On Wednesday, April 6th, a handful of Edmonton’s Slow Food members attended a local food affair arranged by Blair Lebsack. The event was held to invite Slow Food Canada’s President, Mara Jernigan, to partake of a Black Box affair on her whirlwind tour across the country. Okay, so we put our guest to work, but I don’t think you could keep this woman away from a cutting board if you tied her hands behind her back and chained her to a tree.

Blair Lebsack left his position at Madison’s in the Union Bank Inn last year to wander about Italy and France for a bit, doing what people in Italy and France do: eat good food and drink good wine. Lucky for us he returned–refreshed, full of ideas and ready to pass on his knowledge to students enroled at NAIT’s outstanding culinary program.
Blair and Mara cooked several dishes made from locally-sourced ingredients.
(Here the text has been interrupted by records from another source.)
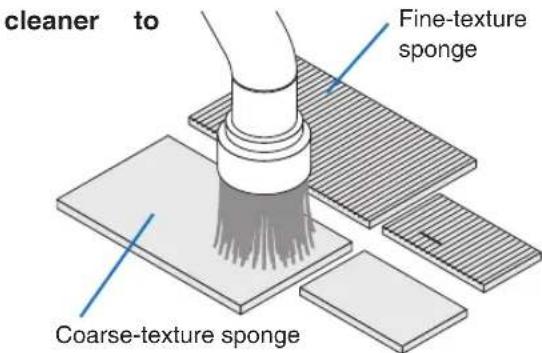 cleaner to Fine-texture sponge Coarse-texture sponge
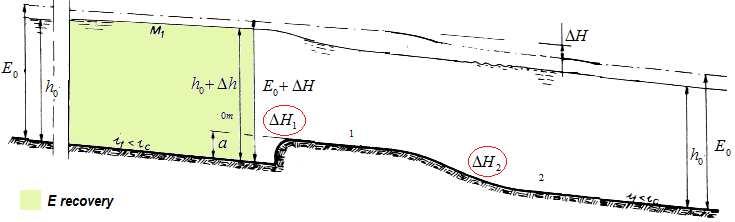 OPEN CANNEL FLOW: passage over a sill ump, bump: soglia But an ead loss is almost inevitable so tat 0: normal flow : on te sill; : downstream; 0m: upstream Making an energy balance starting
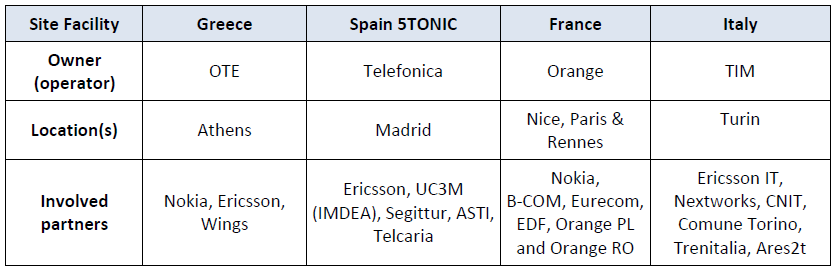 5G EVE facility sites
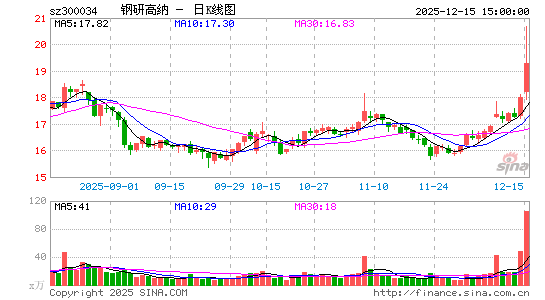 ���и���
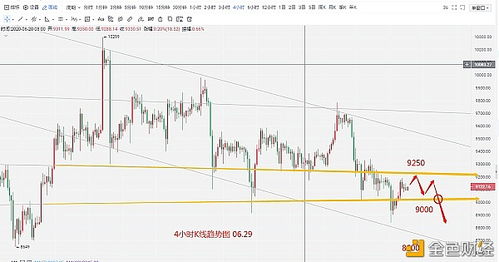 区块链对数字人民币发行的影响-第1张图片-牛市财经 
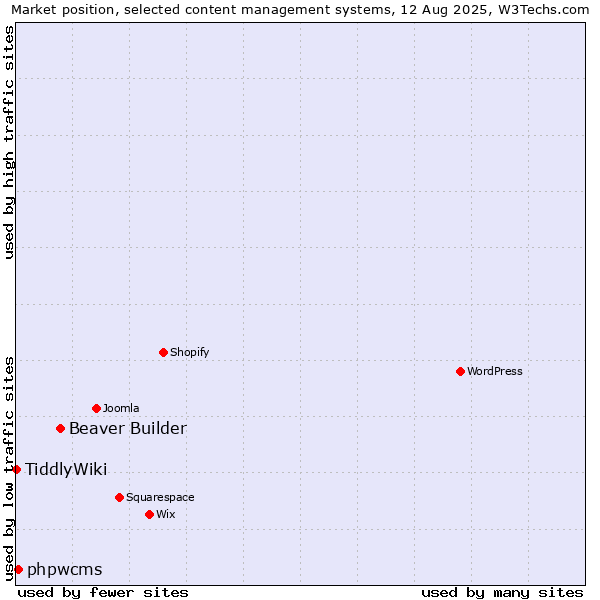 Market position of Beaver Builder vs. phpwcms vs. TiddlyWiki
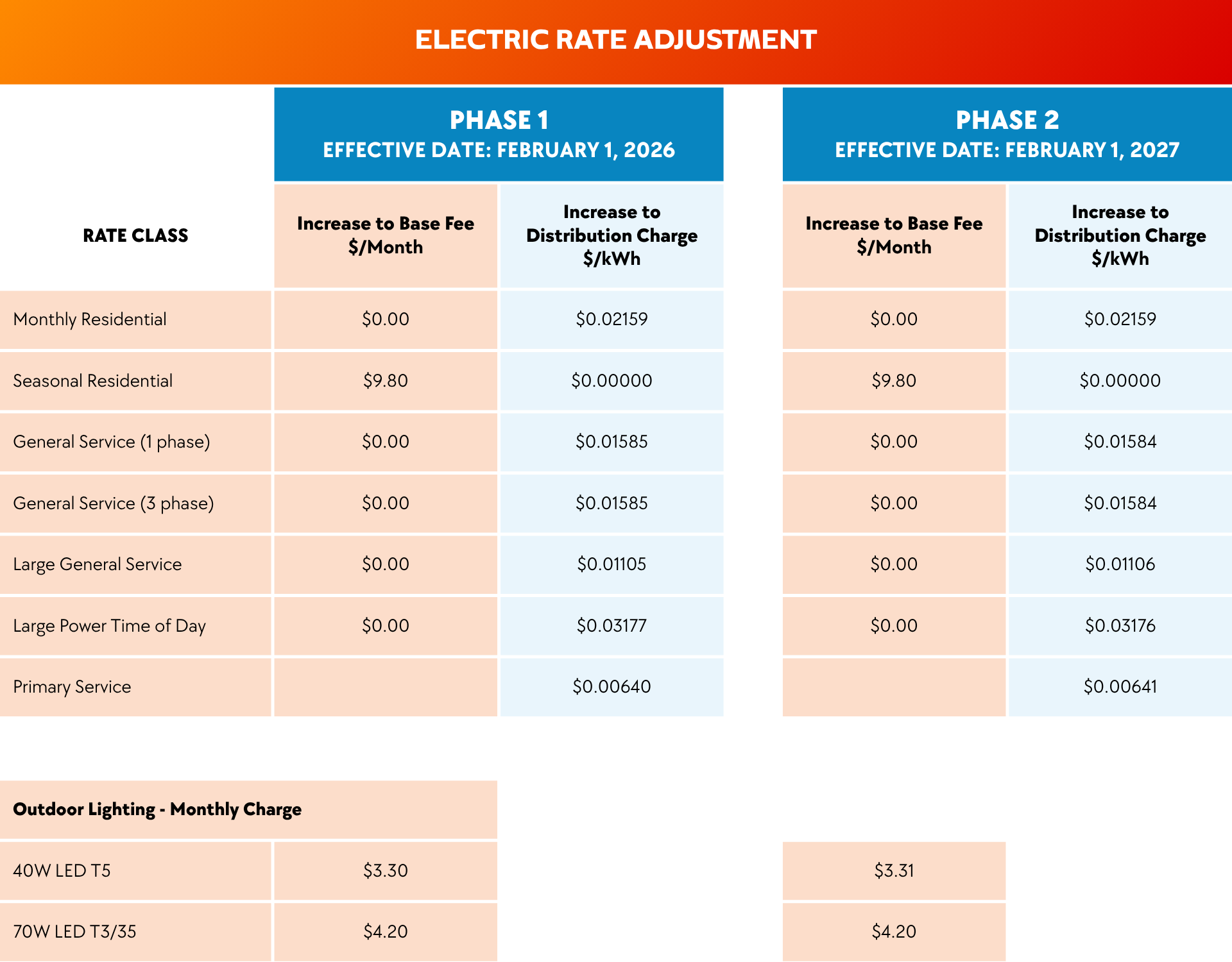 erate-adjustment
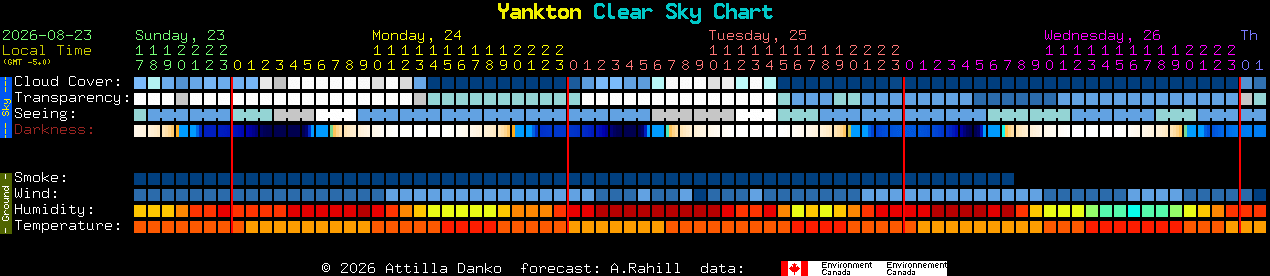 Current forecast for Yankton Clear Sky Chart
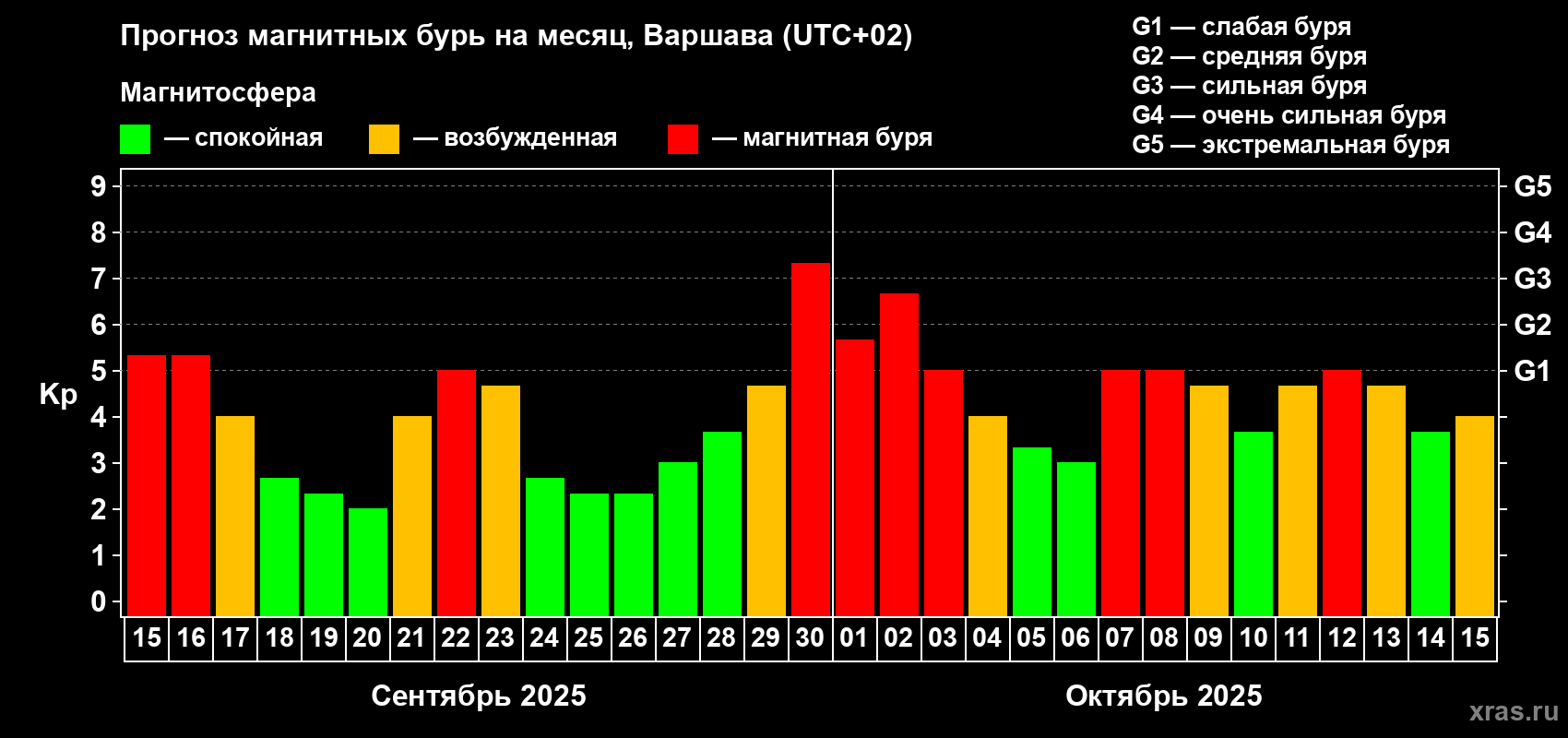Прогноз максимального суточного геомагнитного индекса Kp на <b>1 месяц</b> (31 день) <b>с 15 сентября по 15 октября 2025 г</b>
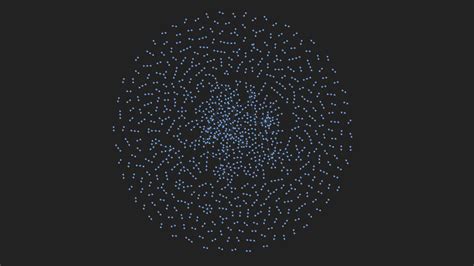 Image result for Python Node Graph Visualization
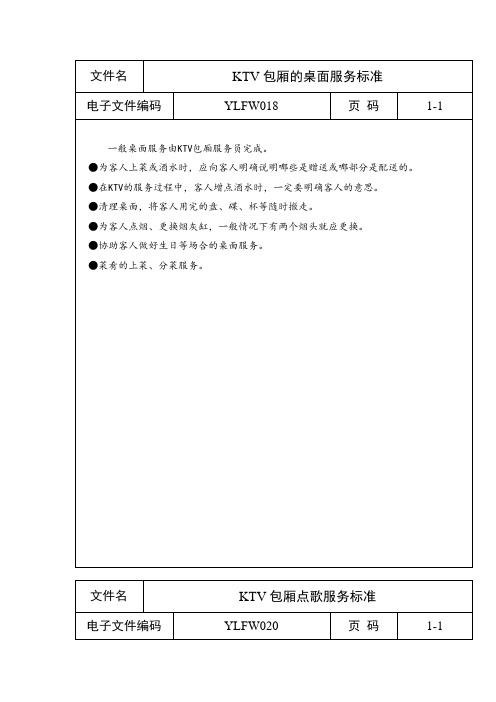 五星酒店全套管理制度表格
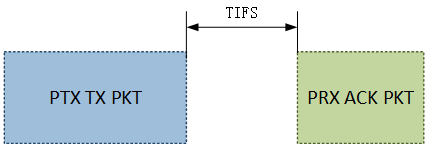 这里应该是 TIFS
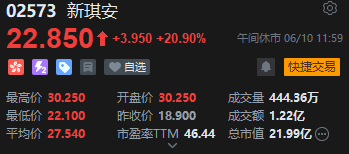 午评：港股恒指涨0.33% 科指跌0.33% 中国稀土放量涨超17% 容大科技、新琪安首日(🦅)高开大涨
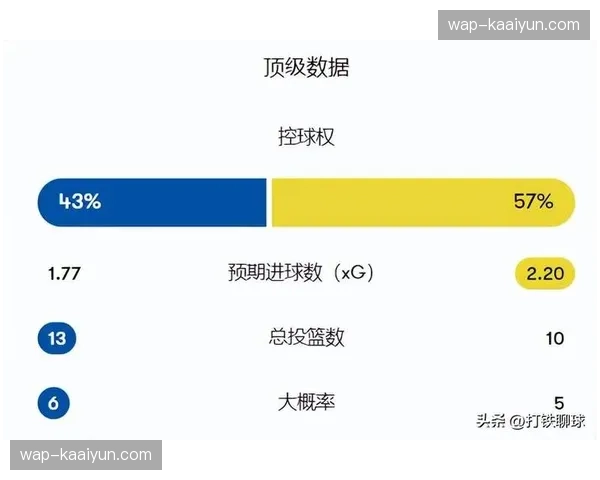 切尔西控球率占优但转化效率低下 预期进球与实际得分脱节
Everything on that table came from Alberta, with some ingredients brought by Mara and her friend, Frederica Phillip, of the famous Sooke Harbour House in BC.
The breads were baked by NAIT students and let me tell you something: I had some pretty fine croissants and baguettes when I was in France last summer (these hips don’t lie, unfortunately), but the croissants we had at NAIT last Wednesday were out of this world.

 Sylvan Star’s award-winning Grizzly Gouda was so good on fresh-made, home-baked flax crackers.

The outstanding dish of the night was a potato, bacon bit and burbot liver dish. I’ve heard of turbot, but not burbot. Burbot is also known as freshwater cod, or ling cod, and is found in Alberta’s lakes and streams. Burbot liver was a new one for me, and it was delicious. Very foie gras-ish. 

Mara shared her philosophy on food; the importance of carrying on food traditions handed down from one generation to the next, and about her life on her farm on Vancouver Island. And while she showed us how to make cavatelli, she shared with us stories of Italy and what she learned from the people there. While she talked, we ate. Membership certainly does have its privileges.

For anyone who’s not a member of Slow Food Edmonton, this is exactly a reason why you should join. Learn what’s available from your own back yard or pond. Eat fresh, eat seasonal, and eat local. The only thing that came out of a bottle that night was the beer, and that too–like everything else–was local and delicious. So, what are you waiting for? Your beer’s getting warm!